Diffuse intrinsic pontine gliomas (DIPG) are highly aggressive and difficult to treat brain tumors found at the base of the brain. They are glial tumors, meaning they arise from the brain’s glial tissue—tissue made up of cells that help support and protect the brain’s neurons.
These tumors are found in an area of the brainstem (the lowest, stem-like part of the brain) called the pons, which controls many of the body’s most vital functions such as breathing, blood pressure, and heart rate. Diffuse intrinsic pontine gliomas account for 10% of all childhood central nervous system tumors.
While DIPGs are usually diagnosed when children are between the ages of 5 and 9, they can occur at any age in childhood. These tumors occur in boys and girls equally and do not generally appear in adults.
Medical advances in the past 40 years have greatly improved the survival rates for children diagnosed with most types of cancer, but these medical advances have done nothing for children with DIPG.
Brain tumors remain the most common cause of cancer-related death in children, and DIPG is the leading cause of death from paediatric brain tumours. A child diagnosed with DIPG today faces the same prognosis as a child diagnosed 40 years ago.
There is still no effective treatment and no chance of survival. Only 10% of children with DIPG survive for 2 years following their diagnosis, and less than 1% survive for 5 years. The median survival time is 9 months from diagnosis.

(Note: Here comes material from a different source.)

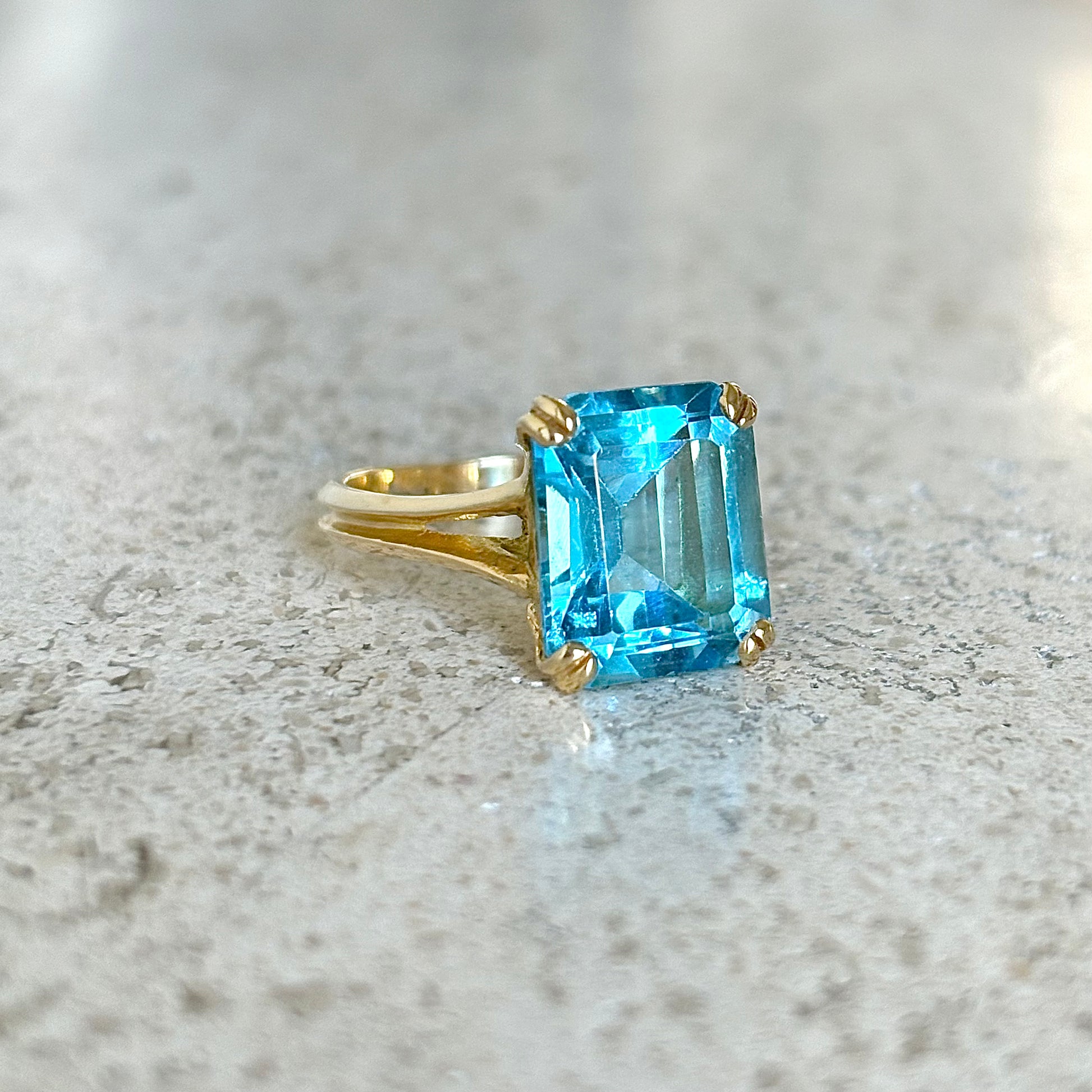 Bague Cocktail - Or Jaune 750 & Topaze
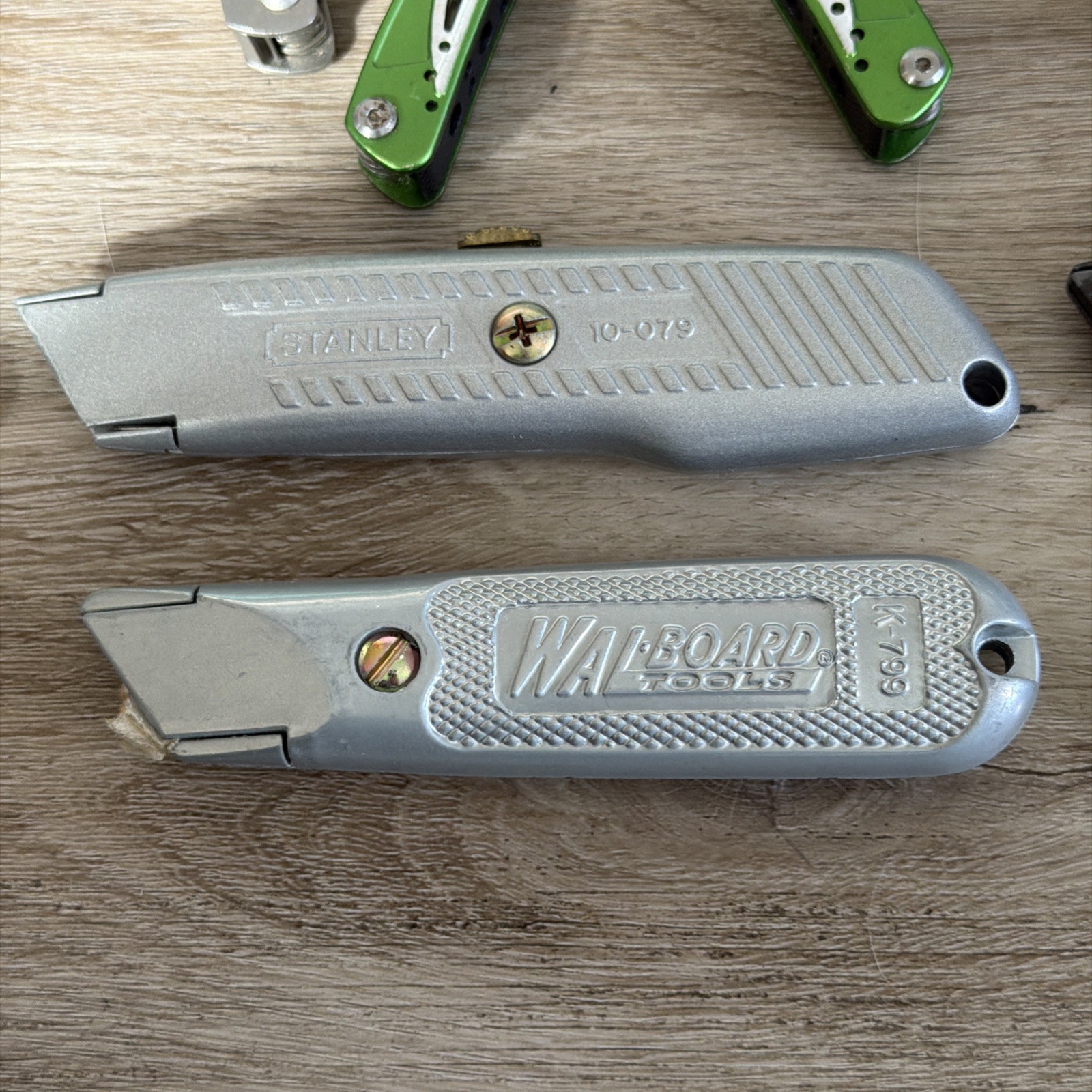 Lot Of 36 Multi Tools Pocket Knives Pliers Knife Tool Clean Outdoors Hunting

At age 12, Lola Muñoz made a daunting decision: She chose to enter a clinical trial to test a new combination of chemotherapy drugs.
Lola had been diagnosed with DIPG – she knew the chances that the trial would help her condition were slim. She knew that the treatments would make her very sick. But she did it anyway.
I wasn’t doing it for me. I was doing it for all the other kids who suffered,” she told photojournalist Moriah Ratner about a month after starting the trial. Ratner spent almost a year and a half with Lola and her family capturing every aspect of their lives. Her images paint a vibrant picture of Lola’s energy and passion for lifeand her determination to do good.

Deadly Disease

Lola is among some 300 children diagnosed with DIPG every year. It’s a deadly disease; the vast majority of patients survive for less than a year after diagnosis.
The tumor grows on a part of the brainstem called the pons, which is kind of like a neural superhighway linking the nerves in the brain to the rest of the body and controlling many vital functions, including breathing and heart beating.
In my mind it was operable. Like, you just cut it out, ’cause that’s what you do,” Melissa Muñoz, Lola’s mother, told Ratner. But that’s not the case with DIPG. The tumor weaves itself through the neural threads, making operation impossible.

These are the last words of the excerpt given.